Le moment venu, la salle ouvre ses portes tout en haut d'un escalier et nous arriverons donc par le haut pour choisir notre place. Quel plaisir de découvrir que n'importe quelle place choisie, l'inclinaison permettra de bien voir ce qui se passe sur scène et cela peu importe la dimension de la tête de la personne devant nous. À notre entrée, les quatre interprètes sont déjà là, sur les côtés dans l'ombre, nus et au fur et à mesure que la salle se remplit, ils revêtent leurs habits. La scène au milieu est entourée de projecteurs tout à terre avec leurs fils tout dispersés sur la scène. Le moment venu, question d'apporter un regard éclairé sur cet animal triste, les interprètes se mettent à prendre chacun de ces fils pour les amener à la prise, laissant la scène pour le combat intérieur de cet animal triste, mais selon moi surtout torturé. Chacun pourra en faire sa lecture, mais pour moi, c'est manifestement les guerres intestines de nos personnalités intérieures que les quatre interprètes (Marc Boivin, Francis Ducharme, Riley Sims et Chi Long) m'ont présentées avec une intensité remarquable.

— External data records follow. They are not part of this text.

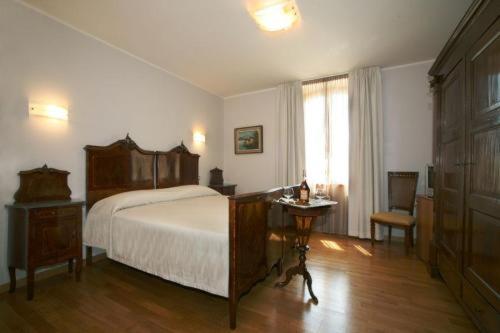 Double Room - Photo 2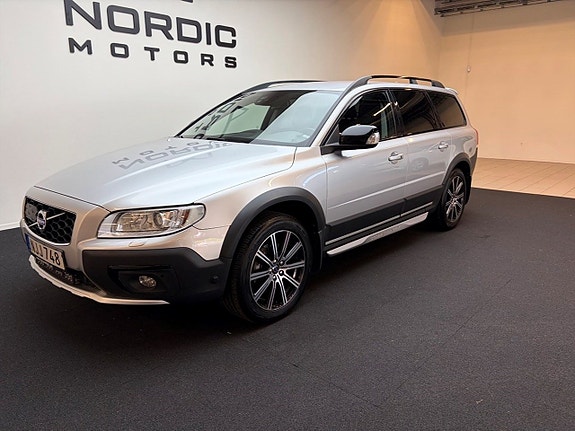 Volvo XC70 2 of 12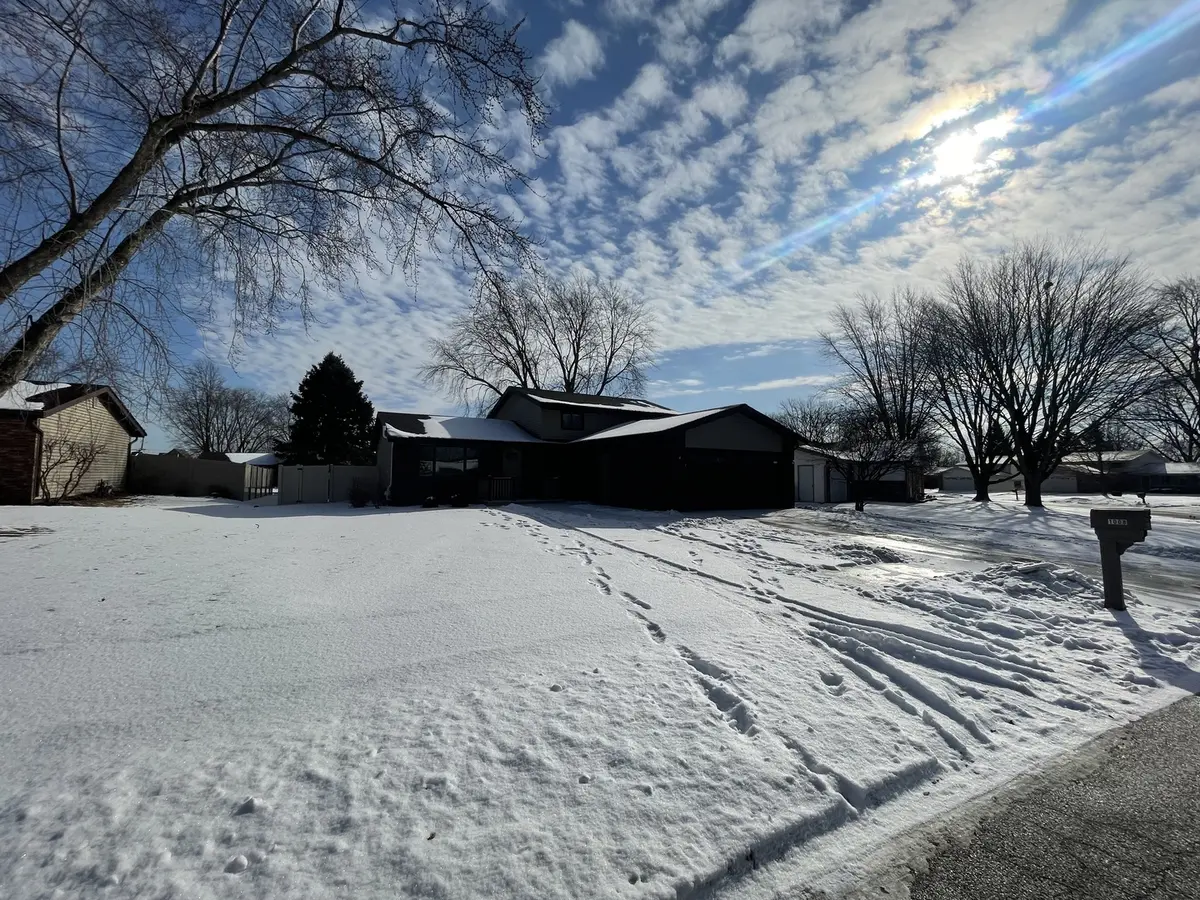 1008 Mallard DR, Bradley, IL 60915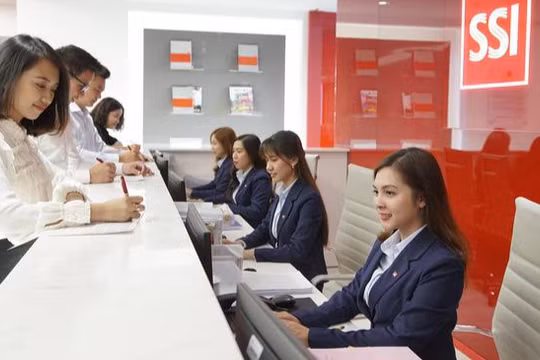 Ông Steve Yam, Giám đốc Hệ thống CNTT của SSI cho biết: Những thay đổi diễn ra dần dần, khiến quá trình chuyển đổi diễn ra vô cùng suôn sẻ.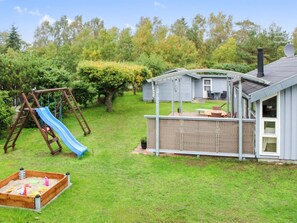 Children’s area - "Albertina" - 200m from the sea by Interhome (Hals)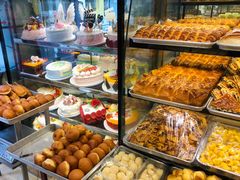 -宏发红西饼屋(天津路店)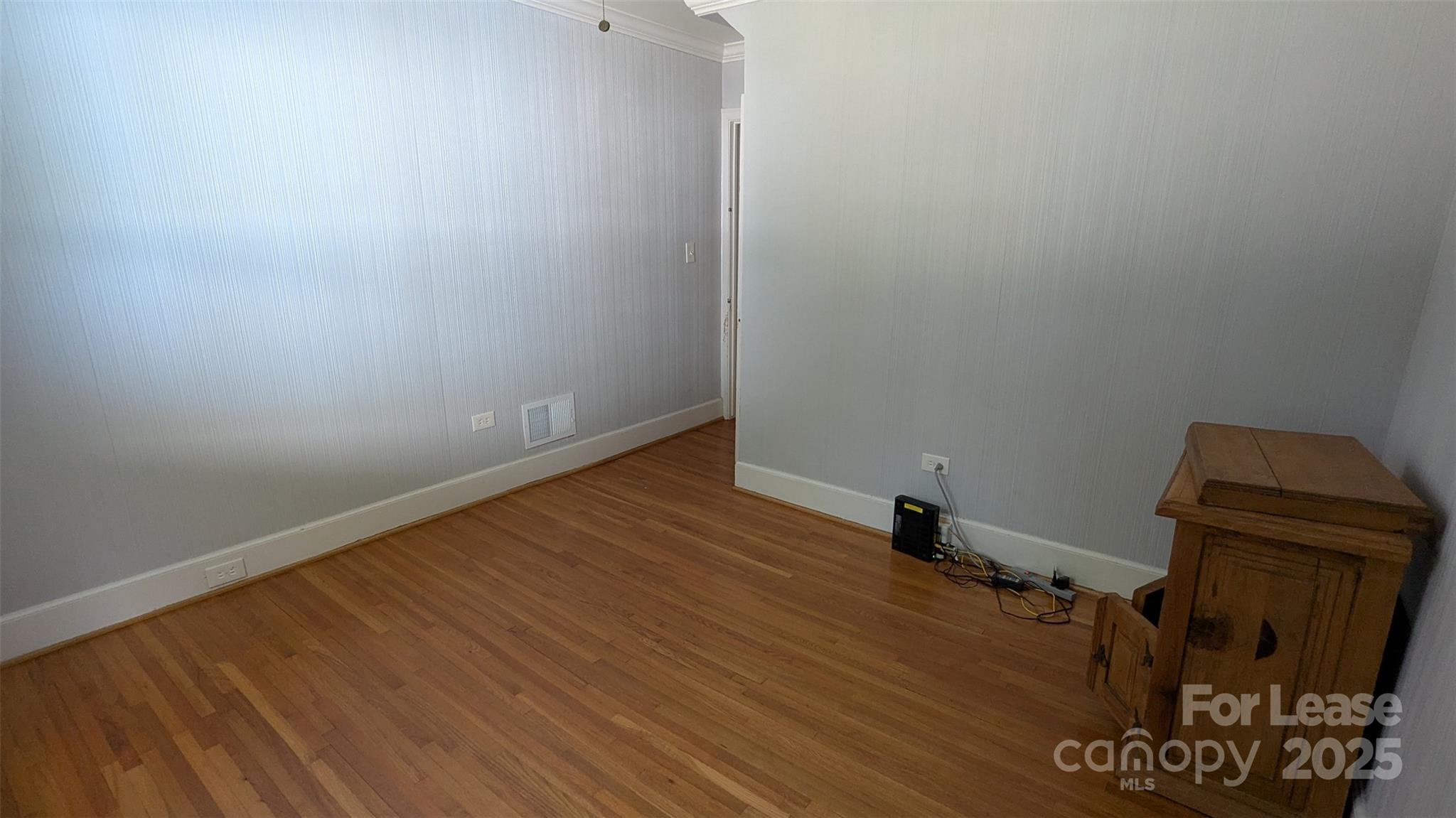 1507 Woodland Drive
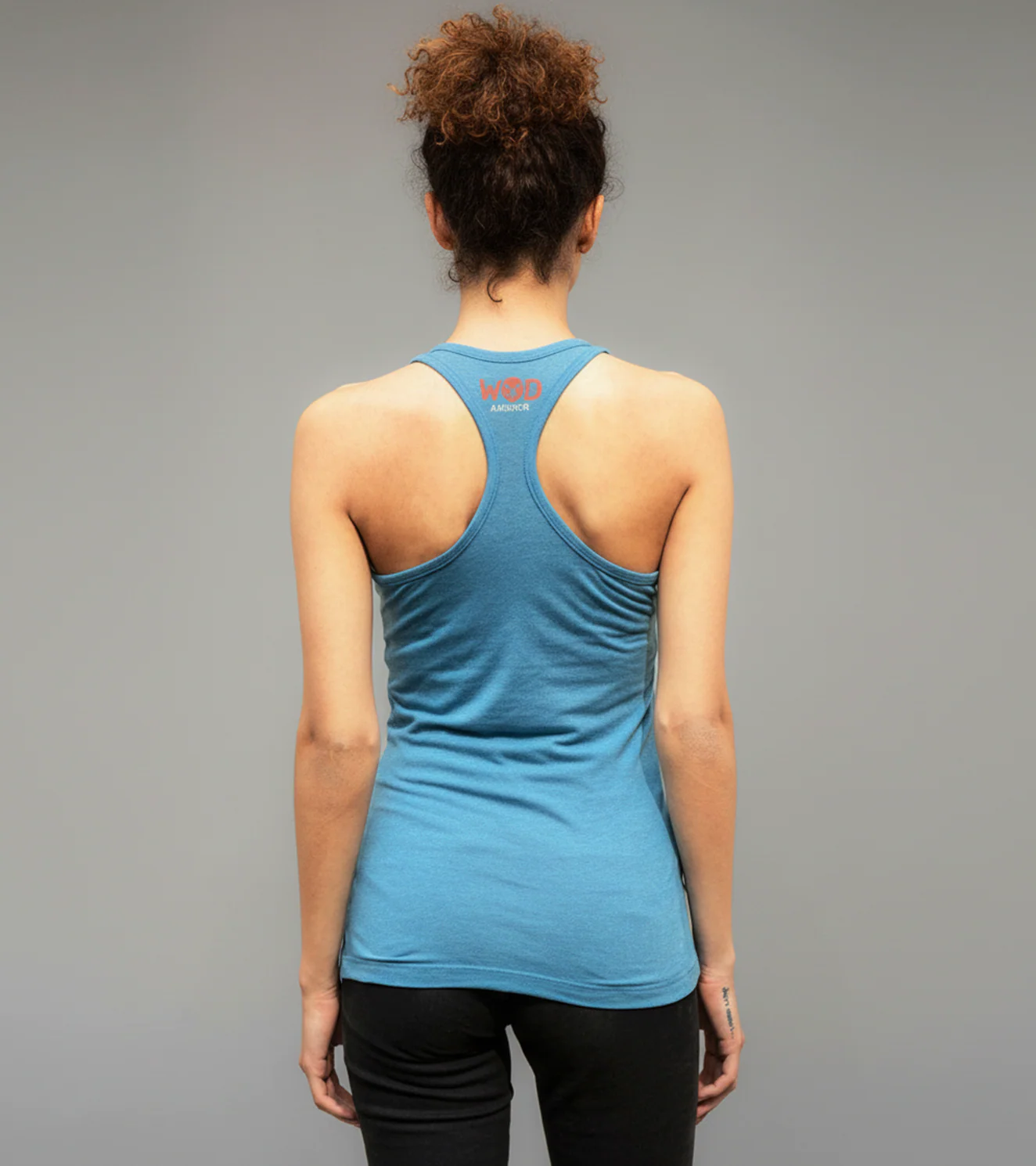 Women's 'Run Now Wine Later' Tank Top - Turquoise Blue - Image 7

Cette pièce sombre, pessimiste, sans les artifices plus éclairants ou éclatants de la chorégraphe, nous pourrions la subir, si ce n'était de ces quatres interprètes qui la portent fort habilement. Ainsi donc, nous sommes faits de contradictions, d'aspects troubles et la domination de l'une de ses contradictions ne la fait pas victorieuse pour autant. Impossible de rester impassible lorsque Marc Boivin saisit Chi Lung par les cheveux sans qu'elle ne lui soit asservie.
Photo de Mathieu Doyon
La vie est cruelle et l'animal (ou l'être humain) triste et ce dernier pour y survivre devra concilier sa nature polymorphique et le choc de ses pulsions et pas question d'y échapper, comme sur cette scène sans échappatoires. Et pour nous le faire ressentir, la chorégraphe nous propose une dernière partie toute en lenteur et en finales répétées. Cette dernière partie, je dois l'avouer, sur le moment, m'avait laissé un peu dubitatif, mais le murissement de l'oeuvre en moi, m'en a donné une autre perspective.
D'autres l'ont dit et je suis d'accord, Mélanie Demers entreprend un changement de direction tout en restant constante dans sa vision du monde. Pour moi, c'est décidé, je prend son virage.